Companion planting: intercropping certain vegetables enhances their yield, so long as you choose companions on the basis of science, not garden lore
Clue Tyler Dennis
In nature, living creatures of all sizes and types are brought together in a delicate harmony. We throw off the balance in our vegetable gardens – artificial environments where the gardener, not nature, selects what will be allowed to live and what will be excluded. Gardeners can take a step toward reconciling nature’s harmony through the process of companion planting.
Plants grown together interact and influence each other. These relationships can be beneficial or detrimental. Companion planting is a botanical “buddy system” that takes advantage of the benefits of growing plants together. Teaming the right vegetables and herbs can reduce the need for pesticides in your garden by repelling insects and limiting the spread of diseases. In other cases, plants make good companions because they coexist in a non-competitive fashion, share similar growing requirements, allow for more efficient use of limited garden space – even provide nourishment.
Successful plant companions usually have similar needs for moisture, soil and nutrients – factors their proximity to one another requires them to share. For this reason a pairing of tomatoes, a crop very sensitive to soil moisture, with watercress, which loves to have its roots in water, would be unlikely to serve either.
Mixing plants with differing light requirements is possible, however; tall sun-lovers can be used to cast shade on a crop more sensitive to sunlight or heat. For example, a cool-season crop like spinach benefits from sharing the same row with peppers. As the weather gets warmer, the growing peppers shade the spinach, keeping its quality from declining as rapidly. The spinach will be gone by the time the peppers grow to fill their allotted space.
Another successful combination pairs celery and leeks; the upright nature of the leek permits plenty of light to reach the bush celery plants. In addition, both are potash lovers, making an application of a potassium-rich fertilizer doubly beneficial.
To save space, intercrop an early-maturing vegetable with one that matures late.

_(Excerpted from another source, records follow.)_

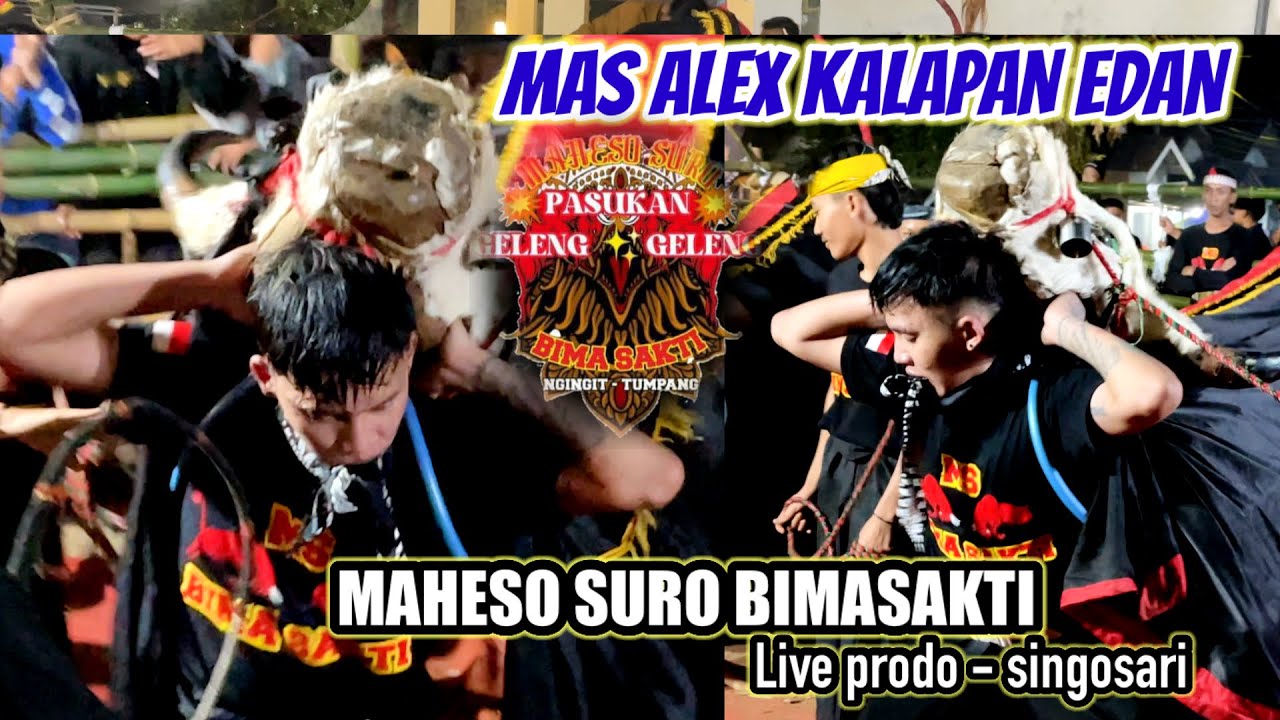 HEBOH.!! MAS ALEX KALAP EDAN || MAHESO SURO BIMASAKTI || live prodo klampok - singosari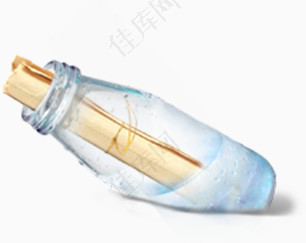 透明漂流瓶玻璃瓶素材
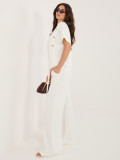 Elegantes Set Bluse und Hose ecru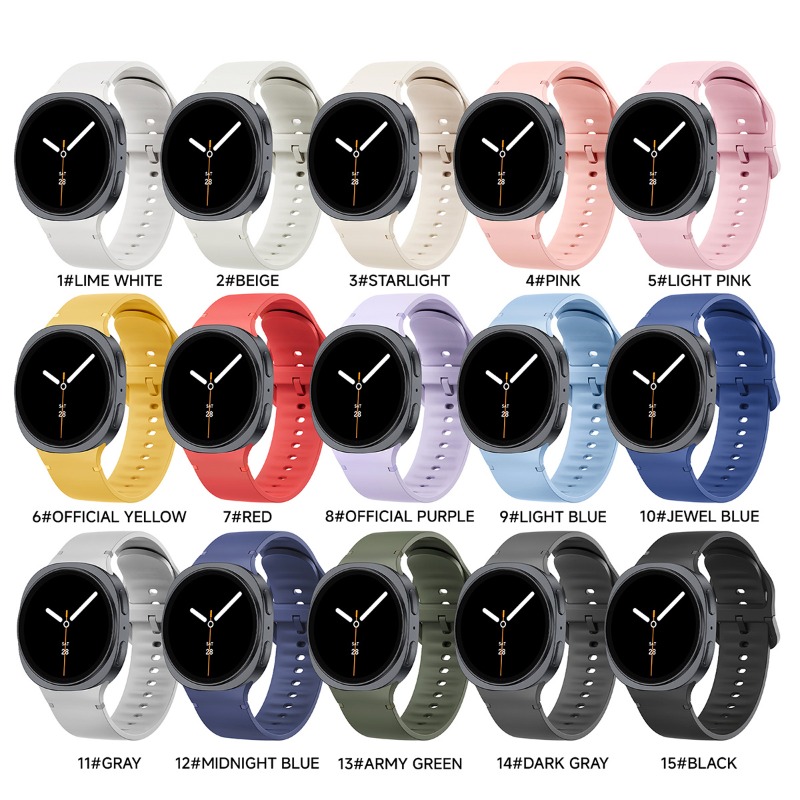 20/22mm siliconen band voor Sa - Silicone Watch Band 22Mm recensie en prijs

Lettuce and kohlrabi are good together because the lettuce will be harvested by the time the kohlrabi needs all the space in the row.
Two plants will coexist amiably if their roots occupy different strata of the soil, as do Swiss chard and tomatoes, or potatoes and beans. The deep-rooted vegetables plunge their roots into subsoil, drawing nutrients and moisture from soil layers inaccessible to shallow-rooted crops.
A traditional plant combination, first used by Native Americans, pairs corn with pumpkins or squash. Both crops need a rich, fertile soil; combining them maximizes the use of garden space and sunlight.
One of the most important nutrients used by plants is nitrogen. Nitrogen is abundant in the air, but in a gaseous form that cannot be used by plants. Some plants – notably those that belong to the legume family – have the ability (when aided by certain soil bacteria) to transform nitrogen from the air into a form that can be assimilated by plants. Since the nitrogen is tucked away in nodules on plant roots, the roots of beans and other legumes should be left in the soil after harvest. As the roots decompose, they release the nitrogen, nourishing any plant sharing the same space.
Companion planting can also produce crops that are less affected by pests and diseases. Some gardeners explain this phenomenon with the theory that plants grown among companions have increased vigor and less stress, so insects pass them by looking for weak or sick plants. Members of the onion family, especially garlic, have been used for centuries in intercropping schemes because of their ability to repel insects. Cole crops or carrots planted near garlic are less prone to insect attack.
Some marigolds have a substance in their roots that repels the microscopic soil pests called nematodes. In soils where nematodes are present, marigolds make good companions for tomatoes, beans, carrots and other crops that are susceptible to nematode damage.
When choosing vegetable companions, it is wise to keep closely related plants separated. Vegetables of the same family group like eggplants and peppers, or the cole crops, are more likely to share pests and diseases.
There is, indeed, good ecological basis for companion planting. But it is only one of several cultural practices used to promote better plant health. The best harvests result when companion planting is practiced alongside other good gardening techniques, including green manuring, composting, mulching and crop rotation. All these practices work together to improve the soil and strengthen plants, resulting in better health and vigor and less insect damage.